From Sermon 1 on the Ascension
Pope St. Leo I
"Since the blessed and glorious Resurrection of our Lord Jesus Christ, whereby the Divine power in three days raised the true Temple of God,...the sacred forty days, dearly-beloved, are today ended, which by most holy appointment were devoted to our most profitable instruction, so that, during the period that the Lord thus protracted the lingering of His bodily presence, our faith in the Resurrection might be fortified by needful proofs. For Christ's Death had much disturbed the disciples' hearts, and a kind of torpor of distrust had crept over their grief-laden minds at His torture on the cross, at His giving up the ghost, at His lifeless body's burial. For, when the holy women, as the Gospel-story has revealed, brought word of the stone rolled away from the tomb, the sepulchre emptied of the body, and the angels bearing witness to the living Lord, their words seemed like ravings to the Apostles and other disciples. Which doubtfulness, the result of human weakness, the Spirit of Truth would most assuredly not have permitted to exist in His own preachers' breasts, had not their trembling anxiety and careful hesitation laid the foundations of our faith. It was our perplexities and our dangers that were provided for in the Apostles... Let us give thanks to the Divine management and the holy Fathers' necessary slowness of belief. Others doubted, that we might not doubt.

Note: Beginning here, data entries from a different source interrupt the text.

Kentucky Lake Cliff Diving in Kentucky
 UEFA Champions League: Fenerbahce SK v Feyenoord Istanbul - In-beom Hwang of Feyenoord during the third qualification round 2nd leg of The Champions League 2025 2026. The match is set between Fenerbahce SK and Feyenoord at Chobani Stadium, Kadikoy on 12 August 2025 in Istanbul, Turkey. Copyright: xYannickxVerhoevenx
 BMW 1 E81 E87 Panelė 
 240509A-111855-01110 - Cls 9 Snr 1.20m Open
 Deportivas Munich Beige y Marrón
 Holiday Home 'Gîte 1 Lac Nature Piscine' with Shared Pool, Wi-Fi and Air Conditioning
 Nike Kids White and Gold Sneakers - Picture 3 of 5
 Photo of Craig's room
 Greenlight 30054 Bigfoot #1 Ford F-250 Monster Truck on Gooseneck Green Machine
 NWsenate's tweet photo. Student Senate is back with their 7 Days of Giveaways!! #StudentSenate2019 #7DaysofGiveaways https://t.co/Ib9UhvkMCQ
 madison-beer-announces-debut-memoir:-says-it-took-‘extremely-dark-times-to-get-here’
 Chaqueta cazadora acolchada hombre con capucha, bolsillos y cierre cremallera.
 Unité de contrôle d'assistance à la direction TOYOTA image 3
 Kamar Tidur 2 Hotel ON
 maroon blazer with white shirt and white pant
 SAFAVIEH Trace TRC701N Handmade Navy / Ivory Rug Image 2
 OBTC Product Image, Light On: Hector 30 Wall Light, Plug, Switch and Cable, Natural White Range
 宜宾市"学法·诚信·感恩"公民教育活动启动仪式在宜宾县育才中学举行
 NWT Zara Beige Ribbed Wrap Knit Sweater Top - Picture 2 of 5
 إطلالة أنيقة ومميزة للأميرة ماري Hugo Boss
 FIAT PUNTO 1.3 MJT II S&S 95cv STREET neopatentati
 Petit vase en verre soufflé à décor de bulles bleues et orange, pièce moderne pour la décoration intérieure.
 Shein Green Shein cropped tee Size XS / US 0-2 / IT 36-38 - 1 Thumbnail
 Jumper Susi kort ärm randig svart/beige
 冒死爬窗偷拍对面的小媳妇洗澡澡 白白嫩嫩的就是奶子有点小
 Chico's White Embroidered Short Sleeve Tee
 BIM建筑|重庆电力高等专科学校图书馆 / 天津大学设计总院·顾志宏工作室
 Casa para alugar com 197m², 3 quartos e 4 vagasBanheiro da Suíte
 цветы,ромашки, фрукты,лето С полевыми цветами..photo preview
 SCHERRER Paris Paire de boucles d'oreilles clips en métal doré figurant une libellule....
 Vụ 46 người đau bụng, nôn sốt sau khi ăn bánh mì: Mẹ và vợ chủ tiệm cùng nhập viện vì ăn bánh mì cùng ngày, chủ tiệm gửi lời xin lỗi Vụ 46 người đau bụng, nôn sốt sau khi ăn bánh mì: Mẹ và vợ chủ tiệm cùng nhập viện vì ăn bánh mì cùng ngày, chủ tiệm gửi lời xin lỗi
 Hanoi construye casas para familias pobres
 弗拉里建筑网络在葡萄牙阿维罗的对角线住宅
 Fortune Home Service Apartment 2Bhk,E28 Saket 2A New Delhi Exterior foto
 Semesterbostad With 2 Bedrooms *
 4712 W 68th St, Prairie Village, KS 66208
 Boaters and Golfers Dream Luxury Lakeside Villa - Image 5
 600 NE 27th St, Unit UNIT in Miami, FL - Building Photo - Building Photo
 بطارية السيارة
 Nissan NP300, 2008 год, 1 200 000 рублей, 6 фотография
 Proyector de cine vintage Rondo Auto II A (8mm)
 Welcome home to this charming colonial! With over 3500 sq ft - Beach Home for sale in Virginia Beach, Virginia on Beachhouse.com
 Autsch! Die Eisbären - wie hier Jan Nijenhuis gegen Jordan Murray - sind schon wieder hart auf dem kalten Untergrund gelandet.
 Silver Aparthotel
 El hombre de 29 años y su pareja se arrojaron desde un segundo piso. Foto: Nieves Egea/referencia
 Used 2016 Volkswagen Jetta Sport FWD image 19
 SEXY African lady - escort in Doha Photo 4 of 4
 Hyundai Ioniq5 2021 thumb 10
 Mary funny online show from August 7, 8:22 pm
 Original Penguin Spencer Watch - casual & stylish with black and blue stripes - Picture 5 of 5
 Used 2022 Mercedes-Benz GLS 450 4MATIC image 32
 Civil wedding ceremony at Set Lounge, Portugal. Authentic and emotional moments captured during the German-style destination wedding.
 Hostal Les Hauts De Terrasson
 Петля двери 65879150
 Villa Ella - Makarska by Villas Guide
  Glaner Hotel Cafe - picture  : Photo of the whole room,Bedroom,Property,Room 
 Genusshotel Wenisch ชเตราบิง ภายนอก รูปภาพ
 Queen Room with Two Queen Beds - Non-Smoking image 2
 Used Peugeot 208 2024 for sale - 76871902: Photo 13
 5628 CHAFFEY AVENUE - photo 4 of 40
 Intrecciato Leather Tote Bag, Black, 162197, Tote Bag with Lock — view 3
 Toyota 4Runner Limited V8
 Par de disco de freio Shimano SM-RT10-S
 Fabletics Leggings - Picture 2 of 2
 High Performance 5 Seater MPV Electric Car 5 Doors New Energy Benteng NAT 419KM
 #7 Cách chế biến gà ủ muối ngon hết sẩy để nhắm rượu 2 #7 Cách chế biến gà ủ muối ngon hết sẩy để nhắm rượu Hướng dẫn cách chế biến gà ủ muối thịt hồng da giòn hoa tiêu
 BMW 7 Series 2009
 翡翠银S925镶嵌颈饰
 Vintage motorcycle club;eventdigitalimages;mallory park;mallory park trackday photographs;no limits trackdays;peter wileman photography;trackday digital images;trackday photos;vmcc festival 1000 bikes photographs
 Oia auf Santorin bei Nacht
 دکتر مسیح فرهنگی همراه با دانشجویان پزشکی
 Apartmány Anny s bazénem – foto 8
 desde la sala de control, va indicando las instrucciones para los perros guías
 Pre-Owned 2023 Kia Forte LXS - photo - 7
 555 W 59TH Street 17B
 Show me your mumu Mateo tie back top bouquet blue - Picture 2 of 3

Those days, therefore, dearly-beloved, which intervened between the Lord's Resurrection and Ascension did not pass by in uneventful leisure, but great mysteries were ratified in them, deep truths revealed. In them the fear of awful death was removed, and the immortality not only of the soul but also of the flesh established. In them, through the Lord's breathing upon them, the Holy Spirit is poured upon all the Apostles...Their enlightened hearts catch the flame of faith, and lukewarm as they have been, are made to burn...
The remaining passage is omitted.